ただし、あらゆる原理には二面性があります。総じて自由の原理からは、「一方的な支配を拒絶する」ことから「強者の支配から弱者を解放する」という思考が導き出せる一方、「規制をかけない」ことで「既に力をもつ強者の支配を許す」という思考をも導き出すことができます。これに関して、「表現の自由」も同様です。時に「支配される弱者からの異議申し立てを保障する原理」となる表現の自由は、別のシーンにおいては、「支配的な立場の強者が情報やイメージを通じて支配を強化する原理」にもなり得るのです。

パレスチナ出身で、米国ハーバード大学やプリンストン大学で活動したエドワード・サイードは、『オリエンタリズム』(1978)で、近代以降の欧米諸国における絵画、演劇、小説などのメディアや、文学、社会学をはじめとする学問が、「我々」(西洋)と対置する形で「彼ら」(東洋)を捉え、なかでも「イスラーム」に関して(西洋と対照的という意味で)野蛮、残虐、暴力的といったイメージを再生産し、実際の政治的、経済的、軍事的な支配−従属関係を強化する役割を果たしてきたと喝破しました。言い換えると、メディアなどを通じて流布するイスラームのネガティブなイメージは、翻って欧米諸国のポジティブなイメージにつながり、これによって後者が前者に対して実際にもっている優位を固定化する役割を果たしてきたというのです。

近代初頭、英国の哲学者フランシス・ベーコン(1561-1626)は「知は力なり」と断じました。知識、情報、認識枠組み(視座)、課題設定(アジェンダ・セッティング)などを司る力は、全体に対する影響力につながります。それが政府でなく、民間メディアによって提供されるものであっても、基本的には同じです。

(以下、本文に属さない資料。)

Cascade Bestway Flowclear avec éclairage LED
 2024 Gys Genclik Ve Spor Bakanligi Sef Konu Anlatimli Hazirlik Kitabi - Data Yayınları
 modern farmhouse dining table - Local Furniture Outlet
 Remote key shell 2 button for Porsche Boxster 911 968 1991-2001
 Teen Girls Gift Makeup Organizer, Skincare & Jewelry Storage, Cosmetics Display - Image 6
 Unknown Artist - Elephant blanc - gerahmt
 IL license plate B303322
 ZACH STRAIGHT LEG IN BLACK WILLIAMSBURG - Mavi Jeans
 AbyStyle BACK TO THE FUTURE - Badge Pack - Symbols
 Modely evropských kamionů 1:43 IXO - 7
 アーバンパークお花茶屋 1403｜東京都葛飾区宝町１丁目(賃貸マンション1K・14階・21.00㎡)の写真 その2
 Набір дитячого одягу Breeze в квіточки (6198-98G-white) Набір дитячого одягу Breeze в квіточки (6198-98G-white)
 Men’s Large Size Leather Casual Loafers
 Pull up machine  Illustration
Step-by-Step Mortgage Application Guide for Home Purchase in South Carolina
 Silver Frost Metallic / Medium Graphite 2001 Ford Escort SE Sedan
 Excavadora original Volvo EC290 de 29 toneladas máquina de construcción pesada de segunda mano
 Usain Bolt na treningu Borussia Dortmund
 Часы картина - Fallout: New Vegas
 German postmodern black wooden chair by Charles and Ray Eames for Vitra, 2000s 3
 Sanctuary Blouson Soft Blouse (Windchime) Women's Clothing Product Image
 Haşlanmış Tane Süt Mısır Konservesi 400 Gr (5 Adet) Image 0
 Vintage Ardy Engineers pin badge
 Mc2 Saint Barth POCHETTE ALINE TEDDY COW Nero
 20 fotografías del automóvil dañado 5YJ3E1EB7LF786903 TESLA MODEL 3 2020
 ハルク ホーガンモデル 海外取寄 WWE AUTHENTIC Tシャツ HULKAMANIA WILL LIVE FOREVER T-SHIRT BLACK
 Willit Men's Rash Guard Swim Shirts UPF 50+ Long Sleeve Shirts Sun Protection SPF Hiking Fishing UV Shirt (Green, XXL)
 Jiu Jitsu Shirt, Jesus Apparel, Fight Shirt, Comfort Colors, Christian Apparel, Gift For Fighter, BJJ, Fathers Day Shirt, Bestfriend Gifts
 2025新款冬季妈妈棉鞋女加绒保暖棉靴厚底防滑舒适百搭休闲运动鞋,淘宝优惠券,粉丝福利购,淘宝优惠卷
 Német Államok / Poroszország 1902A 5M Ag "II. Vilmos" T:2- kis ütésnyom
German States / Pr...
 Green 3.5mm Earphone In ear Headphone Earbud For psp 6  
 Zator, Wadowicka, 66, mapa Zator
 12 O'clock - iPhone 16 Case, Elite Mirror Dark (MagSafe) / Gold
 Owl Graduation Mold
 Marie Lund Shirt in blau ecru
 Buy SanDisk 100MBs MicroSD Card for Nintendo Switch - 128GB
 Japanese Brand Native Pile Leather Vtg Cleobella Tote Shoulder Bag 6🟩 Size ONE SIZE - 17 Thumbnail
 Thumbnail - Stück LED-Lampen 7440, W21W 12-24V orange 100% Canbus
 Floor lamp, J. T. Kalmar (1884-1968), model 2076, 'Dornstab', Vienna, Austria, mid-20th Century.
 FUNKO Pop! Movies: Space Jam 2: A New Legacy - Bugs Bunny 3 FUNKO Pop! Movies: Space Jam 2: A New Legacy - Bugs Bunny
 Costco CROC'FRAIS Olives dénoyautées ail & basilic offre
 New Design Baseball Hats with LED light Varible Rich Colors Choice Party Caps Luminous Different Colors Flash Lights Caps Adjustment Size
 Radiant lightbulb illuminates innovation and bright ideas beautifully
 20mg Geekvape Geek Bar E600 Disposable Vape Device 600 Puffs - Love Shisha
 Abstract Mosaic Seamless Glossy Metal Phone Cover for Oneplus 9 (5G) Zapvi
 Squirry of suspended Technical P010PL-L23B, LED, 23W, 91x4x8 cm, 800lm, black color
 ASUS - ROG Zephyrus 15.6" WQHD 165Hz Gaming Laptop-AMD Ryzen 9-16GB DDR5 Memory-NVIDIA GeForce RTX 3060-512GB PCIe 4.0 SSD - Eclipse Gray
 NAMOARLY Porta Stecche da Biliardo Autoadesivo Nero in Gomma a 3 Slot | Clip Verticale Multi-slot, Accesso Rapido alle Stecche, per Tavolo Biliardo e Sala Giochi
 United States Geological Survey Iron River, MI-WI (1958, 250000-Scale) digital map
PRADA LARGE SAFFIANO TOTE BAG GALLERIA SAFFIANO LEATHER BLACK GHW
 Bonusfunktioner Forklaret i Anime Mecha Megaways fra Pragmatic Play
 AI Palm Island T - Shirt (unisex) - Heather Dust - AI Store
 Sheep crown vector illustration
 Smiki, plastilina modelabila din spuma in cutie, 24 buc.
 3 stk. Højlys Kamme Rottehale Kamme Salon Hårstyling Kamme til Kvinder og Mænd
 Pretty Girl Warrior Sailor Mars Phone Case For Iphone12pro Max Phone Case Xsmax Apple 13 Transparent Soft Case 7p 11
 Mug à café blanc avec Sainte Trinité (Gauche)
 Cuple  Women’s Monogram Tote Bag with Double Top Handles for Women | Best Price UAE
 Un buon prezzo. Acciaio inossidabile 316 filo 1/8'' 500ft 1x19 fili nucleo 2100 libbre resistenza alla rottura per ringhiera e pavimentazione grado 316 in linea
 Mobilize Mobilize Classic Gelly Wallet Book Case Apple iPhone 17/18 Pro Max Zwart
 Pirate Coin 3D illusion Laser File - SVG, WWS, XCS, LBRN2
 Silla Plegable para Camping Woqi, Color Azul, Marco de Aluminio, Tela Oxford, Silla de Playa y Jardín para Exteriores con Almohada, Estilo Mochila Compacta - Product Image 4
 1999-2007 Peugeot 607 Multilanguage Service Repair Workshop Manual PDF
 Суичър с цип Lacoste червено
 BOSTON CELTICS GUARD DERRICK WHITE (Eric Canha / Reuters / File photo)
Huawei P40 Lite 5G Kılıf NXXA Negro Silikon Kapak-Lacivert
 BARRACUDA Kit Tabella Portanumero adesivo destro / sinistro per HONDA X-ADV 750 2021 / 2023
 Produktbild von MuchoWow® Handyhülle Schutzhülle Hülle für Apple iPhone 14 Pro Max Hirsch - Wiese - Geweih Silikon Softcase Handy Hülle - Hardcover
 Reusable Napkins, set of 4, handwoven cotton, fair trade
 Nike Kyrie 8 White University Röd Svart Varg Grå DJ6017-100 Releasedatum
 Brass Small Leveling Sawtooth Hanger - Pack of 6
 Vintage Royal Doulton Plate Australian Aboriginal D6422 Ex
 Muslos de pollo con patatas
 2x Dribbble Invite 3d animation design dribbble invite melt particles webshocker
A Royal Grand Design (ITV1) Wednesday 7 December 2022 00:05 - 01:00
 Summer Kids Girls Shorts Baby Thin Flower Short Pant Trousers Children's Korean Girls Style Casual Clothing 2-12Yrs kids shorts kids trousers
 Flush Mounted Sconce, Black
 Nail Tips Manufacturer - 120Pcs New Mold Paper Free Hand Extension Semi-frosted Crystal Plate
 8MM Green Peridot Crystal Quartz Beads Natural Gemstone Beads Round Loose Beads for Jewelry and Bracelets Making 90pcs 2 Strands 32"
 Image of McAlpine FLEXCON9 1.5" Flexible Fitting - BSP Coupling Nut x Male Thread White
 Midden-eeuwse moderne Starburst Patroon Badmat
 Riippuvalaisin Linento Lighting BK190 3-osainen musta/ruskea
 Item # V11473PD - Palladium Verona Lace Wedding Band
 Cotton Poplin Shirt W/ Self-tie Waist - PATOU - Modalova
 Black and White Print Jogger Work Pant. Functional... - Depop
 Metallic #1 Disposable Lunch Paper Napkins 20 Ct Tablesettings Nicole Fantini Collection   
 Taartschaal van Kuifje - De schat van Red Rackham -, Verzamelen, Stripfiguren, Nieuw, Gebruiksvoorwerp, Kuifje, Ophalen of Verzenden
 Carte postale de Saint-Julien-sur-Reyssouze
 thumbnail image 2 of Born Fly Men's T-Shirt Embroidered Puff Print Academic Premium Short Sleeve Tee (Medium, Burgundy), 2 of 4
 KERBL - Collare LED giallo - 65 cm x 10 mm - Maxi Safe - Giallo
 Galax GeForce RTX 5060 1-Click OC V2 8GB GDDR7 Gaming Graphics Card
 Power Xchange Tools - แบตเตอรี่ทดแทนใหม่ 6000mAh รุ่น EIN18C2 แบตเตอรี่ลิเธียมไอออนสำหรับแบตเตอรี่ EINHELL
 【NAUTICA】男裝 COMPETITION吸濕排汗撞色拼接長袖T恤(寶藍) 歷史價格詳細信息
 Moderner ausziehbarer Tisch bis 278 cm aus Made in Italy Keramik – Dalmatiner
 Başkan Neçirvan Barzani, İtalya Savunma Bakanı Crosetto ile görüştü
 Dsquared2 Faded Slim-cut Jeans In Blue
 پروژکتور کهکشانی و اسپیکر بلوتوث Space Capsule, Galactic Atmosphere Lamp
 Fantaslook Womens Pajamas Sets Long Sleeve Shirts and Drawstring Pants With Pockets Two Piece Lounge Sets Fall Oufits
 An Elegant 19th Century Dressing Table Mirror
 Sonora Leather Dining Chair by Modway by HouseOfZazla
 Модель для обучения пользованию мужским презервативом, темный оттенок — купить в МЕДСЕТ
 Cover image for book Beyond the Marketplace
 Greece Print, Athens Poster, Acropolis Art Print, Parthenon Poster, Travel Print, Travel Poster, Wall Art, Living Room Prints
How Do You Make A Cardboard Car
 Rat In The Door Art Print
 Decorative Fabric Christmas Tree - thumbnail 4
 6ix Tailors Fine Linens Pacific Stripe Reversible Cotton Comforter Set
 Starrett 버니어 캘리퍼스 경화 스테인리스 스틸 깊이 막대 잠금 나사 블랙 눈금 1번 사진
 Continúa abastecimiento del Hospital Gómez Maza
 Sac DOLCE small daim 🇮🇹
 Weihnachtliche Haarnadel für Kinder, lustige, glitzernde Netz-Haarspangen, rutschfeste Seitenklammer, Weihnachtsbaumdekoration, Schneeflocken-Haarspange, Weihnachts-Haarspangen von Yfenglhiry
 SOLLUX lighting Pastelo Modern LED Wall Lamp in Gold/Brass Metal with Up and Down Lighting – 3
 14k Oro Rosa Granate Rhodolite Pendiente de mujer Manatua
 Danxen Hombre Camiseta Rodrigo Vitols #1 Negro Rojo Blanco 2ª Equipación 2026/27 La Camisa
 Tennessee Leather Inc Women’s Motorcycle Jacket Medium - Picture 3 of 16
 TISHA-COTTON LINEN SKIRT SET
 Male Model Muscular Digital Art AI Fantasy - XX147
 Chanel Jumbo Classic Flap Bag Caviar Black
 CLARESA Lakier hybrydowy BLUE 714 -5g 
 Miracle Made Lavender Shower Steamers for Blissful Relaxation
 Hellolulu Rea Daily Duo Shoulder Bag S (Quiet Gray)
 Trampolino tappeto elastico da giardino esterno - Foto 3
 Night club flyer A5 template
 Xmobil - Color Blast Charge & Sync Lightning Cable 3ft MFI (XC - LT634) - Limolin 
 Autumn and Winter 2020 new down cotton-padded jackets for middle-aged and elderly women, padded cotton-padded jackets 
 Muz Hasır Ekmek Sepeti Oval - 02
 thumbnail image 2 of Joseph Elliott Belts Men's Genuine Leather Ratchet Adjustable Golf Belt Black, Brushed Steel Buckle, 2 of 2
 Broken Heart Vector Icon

サイードによると、「アメリカの大半のジャーナリストは自分の会社がアメリカの権力への参加者であることを潜在的に意識して世界のことを報道し、その権力が外国の脅威にさらされると、報道の独立は後退し、忠誠愛国や単純な国家的一体感を暗にうたいあげるものになることがしばしばである」(サイード, 1996, 『イスラム報道』, みすず書房, p.74.)この観点から「表現の自由」を振り返ると、それによって誰もが情報発信の権利を保障される一方で、情報発信能力に長けた者の「ものの見方」が影響力を拡大させることを促すことにも結びつくといえるでしょう。